そんな多くの人が関わって収穫された薄荷の束。感謝の気持ちを込めながら両手で抱えあげた薄荷の束はパリパリに乾燥しているのに、結構な重量感。

はじめはテンポよく積んでいきましたが、次第に荷台の薄荷は山積みに。
手が届かない高さになるとここからは”投げ入れ方式”へ。

結構コツがいるんです

皆さんの真似をしてホイッと投げるとギリギリ成功。
次から次へと放り投げ気がつけばはるか高くまで積み上がっていました。

どんな眺めなんだろう…

「蒸留所へ戻ろう!そろそろさっきのが出来上がっている頃だよ。
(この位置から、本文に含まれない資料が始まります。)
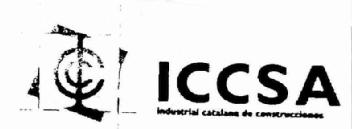 I ICCSA INDUSTRIAL CATALANA DE CONSTRUCCIONES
」

畑に一旦別れを告げ、爽快感が増した蒸留所へ新たな和薄荷の山を運んでいきます。

ここからまた1年

この秋の蒸留を終えると、来年に向けてまた新たな1年が始まります。

畑に機械を入れて土を掘り起こすと、地下5cmほどに縦横無尽に生えている薄荷の根っこが程よく分裂し、そこから新たな芽が生えてくるそう。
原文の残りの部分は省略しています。